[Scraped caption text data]
Segment Open

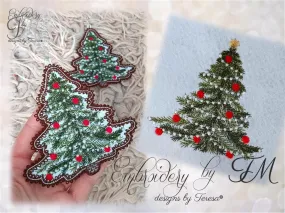 Christmas tree / combination of lace and felt and embroidery design/4x4 and 5x7 hoop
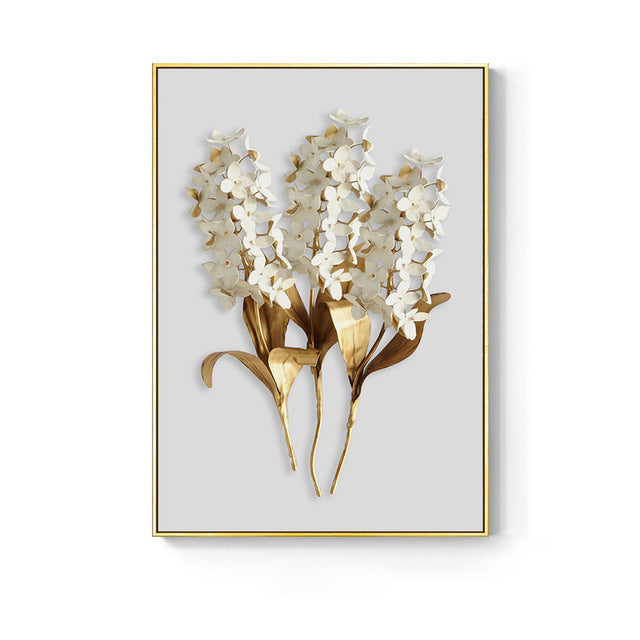 Pintura Decorativa Nórdica con Flores y Hojas Doradas - Moderna y Minimalista para Pared (Sin Marco)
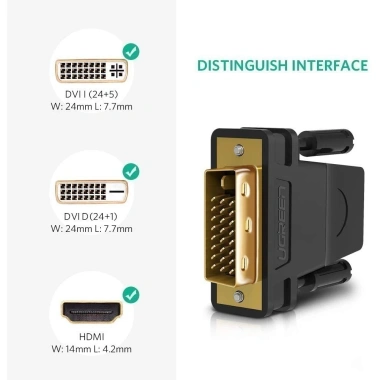UGREEN Đầu chuyển đổi HDMI sang DVI 24+1 đực - Đen, giảm giá 62.000₫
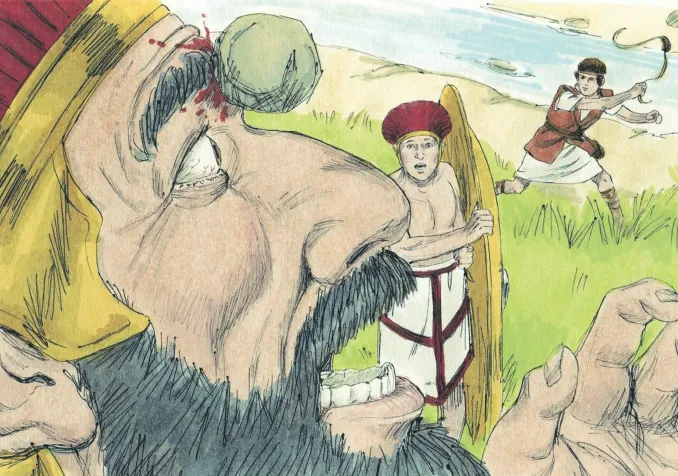 David sort vainqueur contre Goliath. © iStock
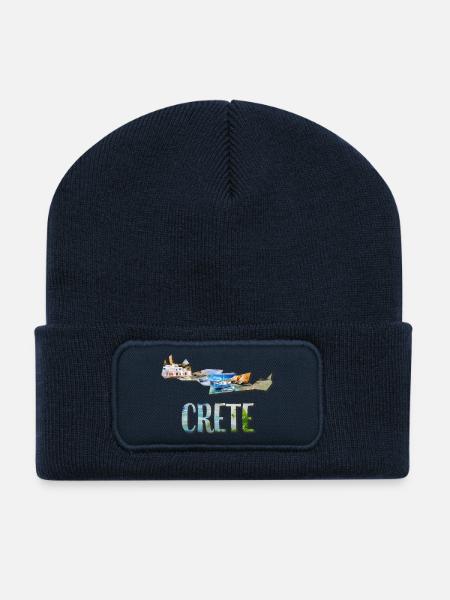 Aquarell Landkarte Kreta - Recycelte Patch Beanie - French Navy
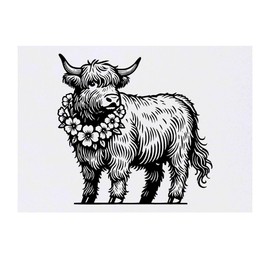 Azeeda 'Hochlandkuh mit Blumengirlande' Temporäres Tattoo - Hautfreundlicher & Ungiftiger Abziehbild · Wasserfest (TO00081371)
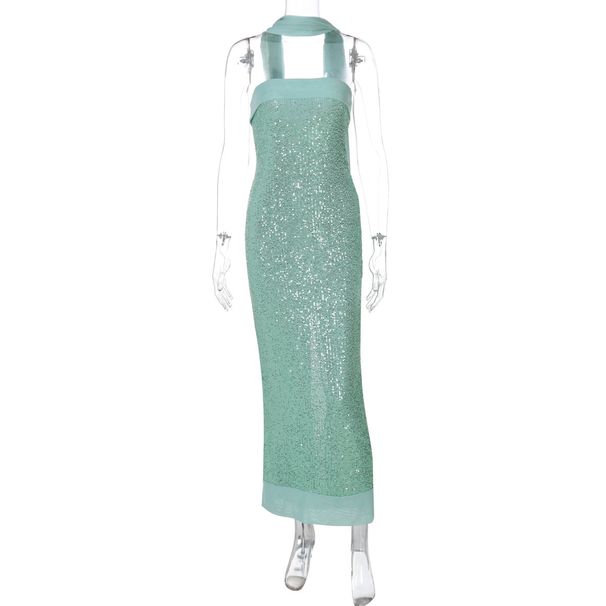 Women's Sexy Strapless Sequined Dress Solid Color Slim Long Elegant_ecoleips.com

Segment Closed

# Instructions to follow
Return all the records above exactly, pictures omitted.

# Final answer
 Christmas tree / combination of lace and felt and embroidery design/4x4 and 5x7 hoop
 Pintura Decorativa Nórdica con Flores y Hojas Doradas - Moderna y Minimalista para Pared (Sin Marco)
UGREEN Đầu chuyển đổi HDMI sang DVI 24+1 đực - Đen, giảm giá 62.000₫
 David sort vainqueur contre Goliath. © iStock
 Aquarell Landkarte Kreta - Recycelte Patch Beanie - French Navy
 Azeeda 'Hochlandkuh mit Blumengirlande' Temporäres Tattoo - Hautfreundlicher & Ungiftiger Abziehbild · Wasserfest (TO00081371)
 Women's Sexy Strapless Sequined Dress Solid Color Slim Long Elegant_ecoleips.com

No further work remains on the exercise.